§ **RECORDS PROVIDED**:
↓

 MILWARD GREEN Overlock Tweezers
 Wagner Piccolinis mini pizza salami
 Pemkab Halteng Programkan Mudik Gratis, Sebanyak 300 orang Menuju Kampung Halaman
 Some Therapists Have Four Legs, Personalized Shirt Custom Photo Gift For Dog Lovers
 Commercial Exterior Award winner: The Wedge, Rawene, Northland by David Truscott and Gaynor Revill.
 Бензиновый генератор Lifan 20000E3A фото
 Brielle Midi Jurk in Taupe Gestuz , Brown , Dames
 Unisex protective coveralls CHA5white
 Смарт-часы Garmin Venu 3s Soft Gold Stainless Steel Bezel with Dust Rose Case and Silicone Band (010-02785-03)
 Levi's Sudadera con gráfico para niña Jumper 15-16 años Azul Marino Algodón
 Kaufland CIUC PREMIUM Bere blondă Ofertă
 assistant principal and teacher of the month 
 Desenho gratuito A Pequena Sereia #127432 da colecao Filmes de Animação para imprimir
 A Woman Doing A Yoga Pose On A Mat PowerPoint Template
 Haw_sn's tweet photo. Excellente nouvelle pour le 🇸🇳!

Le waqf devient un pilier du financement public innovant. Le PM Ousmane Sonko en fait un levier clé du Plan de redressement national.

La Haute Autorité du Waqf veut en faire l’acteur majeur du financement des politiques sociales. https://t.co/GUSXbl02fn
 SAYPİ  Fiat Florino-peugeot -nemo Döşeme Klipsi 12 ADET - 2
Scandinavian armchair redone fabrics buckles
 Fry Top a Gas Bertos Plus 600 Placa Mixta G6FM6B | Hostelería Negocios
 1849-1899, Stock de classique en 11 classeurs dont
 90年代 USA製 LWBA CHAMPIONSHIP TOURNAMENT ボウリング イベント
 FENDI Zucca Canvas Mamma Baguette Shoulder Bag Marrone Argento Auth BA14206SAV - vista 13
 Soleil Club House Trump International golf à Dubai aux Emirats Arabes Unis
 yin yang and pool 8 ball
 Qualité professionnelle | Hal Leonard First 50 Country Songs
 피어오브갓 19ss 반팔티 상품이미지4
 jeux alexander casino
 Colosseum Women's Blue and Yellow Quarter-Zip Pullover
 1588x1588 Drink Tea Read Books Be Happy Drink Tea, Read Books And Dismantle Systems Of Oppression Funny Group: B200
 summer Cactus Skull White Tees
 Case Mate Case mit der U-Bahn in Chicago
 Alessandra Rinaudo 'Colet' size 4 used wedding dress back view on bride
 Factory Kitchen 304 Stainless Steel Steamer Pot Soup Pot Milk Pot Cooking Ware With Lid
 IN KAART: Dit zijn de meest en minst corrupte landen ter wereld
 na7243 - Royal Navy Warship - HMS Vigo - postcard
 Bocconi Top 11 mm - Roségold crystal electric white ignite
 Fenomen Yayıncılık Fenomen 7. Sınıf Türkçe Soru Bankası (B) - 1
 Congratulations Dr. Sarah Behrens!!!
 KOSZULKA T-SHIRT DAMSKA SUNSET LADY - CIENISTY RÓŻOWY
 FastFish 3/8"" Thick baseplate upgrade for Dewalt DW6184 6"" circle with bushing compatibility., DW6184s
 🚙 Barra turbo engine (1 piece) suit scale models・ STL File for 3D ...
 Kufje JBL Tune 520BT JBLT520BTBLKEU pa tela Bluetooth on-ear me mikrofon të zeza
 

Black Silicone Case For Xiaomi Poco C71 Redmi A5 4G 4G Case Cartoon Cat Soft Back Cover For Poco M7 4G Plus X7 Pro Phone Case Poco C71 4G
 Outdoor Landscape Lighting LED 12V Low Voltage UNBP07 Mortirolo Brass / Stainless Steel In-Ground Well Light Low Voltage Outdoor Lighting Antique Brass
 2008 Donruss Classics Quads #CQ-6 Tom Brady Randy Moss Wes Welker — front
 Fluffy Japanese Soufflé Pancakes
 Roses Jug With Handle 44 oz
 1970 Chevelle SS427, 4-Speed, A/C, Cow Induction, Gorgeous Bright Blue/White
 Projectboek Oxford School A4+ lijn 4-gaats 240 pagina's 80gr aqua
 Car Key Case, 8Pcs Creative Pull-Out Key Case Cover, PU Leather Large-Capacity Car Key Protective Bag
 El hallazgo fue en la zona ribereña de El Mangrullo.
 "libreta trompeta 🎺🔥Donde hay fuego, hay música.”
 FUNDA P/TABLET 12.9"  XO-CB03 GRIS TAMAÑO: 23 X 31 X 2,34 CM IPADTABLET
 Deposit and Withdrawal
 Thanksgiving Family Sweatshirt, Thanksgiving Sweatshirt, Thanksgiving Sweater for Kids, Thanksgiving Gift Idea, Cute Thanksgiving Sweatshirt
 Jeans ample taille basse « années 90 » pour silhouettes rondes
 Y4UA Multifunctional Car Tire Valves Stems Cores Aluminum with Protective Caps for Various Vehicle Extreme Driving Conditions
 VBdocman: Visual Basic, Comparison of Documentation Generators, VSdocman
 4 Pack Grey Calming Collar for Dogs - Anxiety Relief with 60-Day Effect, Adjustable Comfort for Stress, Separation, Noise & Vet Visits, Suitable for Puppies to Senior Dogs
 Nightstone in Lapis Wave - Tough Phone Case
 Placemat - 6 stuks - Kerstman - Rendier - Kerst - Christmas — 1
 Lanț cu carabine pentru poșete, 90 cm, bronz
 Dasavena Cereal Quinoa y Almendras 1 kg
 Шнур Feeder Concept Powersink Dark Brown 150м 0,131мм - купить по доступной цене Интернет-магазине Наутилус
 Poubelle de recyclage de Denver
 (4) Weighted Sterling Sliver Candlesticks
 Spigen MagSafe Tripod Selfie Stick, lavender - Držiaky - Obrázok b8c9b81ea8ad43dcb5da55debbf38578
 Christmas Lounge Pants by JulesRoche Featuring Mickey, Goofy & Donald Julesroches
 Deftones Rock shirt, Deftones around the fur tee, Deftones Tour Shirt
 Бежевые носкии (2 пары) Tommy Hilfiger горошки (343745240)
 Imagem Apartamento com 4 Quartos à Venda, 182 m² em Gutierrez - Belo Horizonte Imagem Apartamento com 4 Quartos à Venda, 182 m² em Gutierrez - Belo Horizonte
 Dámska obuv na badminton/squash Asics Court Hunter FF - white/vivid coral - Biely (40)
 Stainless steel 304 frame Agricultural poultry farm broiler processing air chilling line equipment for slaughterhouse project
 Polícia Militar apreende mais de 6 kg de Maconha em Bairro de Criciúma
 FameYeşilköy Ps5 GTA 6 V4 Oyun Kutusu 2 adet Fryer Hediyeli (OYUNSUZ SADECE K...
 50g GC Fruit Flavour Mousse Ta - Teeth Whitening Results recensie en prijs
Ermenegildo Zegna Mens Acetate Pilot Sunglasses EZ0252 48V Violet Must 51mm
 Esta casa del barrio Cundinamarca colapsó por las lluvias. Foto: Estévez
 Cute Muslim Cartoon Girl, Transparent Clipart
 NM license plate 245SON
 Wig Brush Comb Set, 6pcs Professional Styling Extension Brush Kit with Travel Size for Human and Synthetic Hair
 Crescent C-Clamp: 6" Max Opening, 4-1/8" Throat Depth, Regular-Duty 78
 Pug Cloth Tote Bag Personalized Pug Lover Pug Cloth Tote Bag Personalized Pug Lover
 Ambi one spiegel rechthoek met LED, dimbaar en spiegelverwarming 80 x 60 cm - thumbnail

↑

§ **WORK ORDER**:
Reproduce exactly the lines from the one containing "Cute Muslim Cartoon" through the last line of the records above, including both, and nothing else.

§ **RESPONSE TO THE EXERCISE**:
 Cute Muslim Cartoon Girl, Transparent Clipart
 NM license plate 245SON
 Wig Brush Comb Set, 6pcs Professional Styling Extension Brush Kit with Travel Size for Human and Synthetic Hair
 Crescent C-Clamp: 6" Max Opening, 4-1/8" Throat Depth, Regular-Duty 78
 Pug Cloth Tote Bag Personalized Pug Lover Pug Cloth Tote Bag Personalized Pug Lover
 Ambi one spiegel rechthoek met LED, dimbaar en spiegelverwarming 80 x 60 cm - thumbnail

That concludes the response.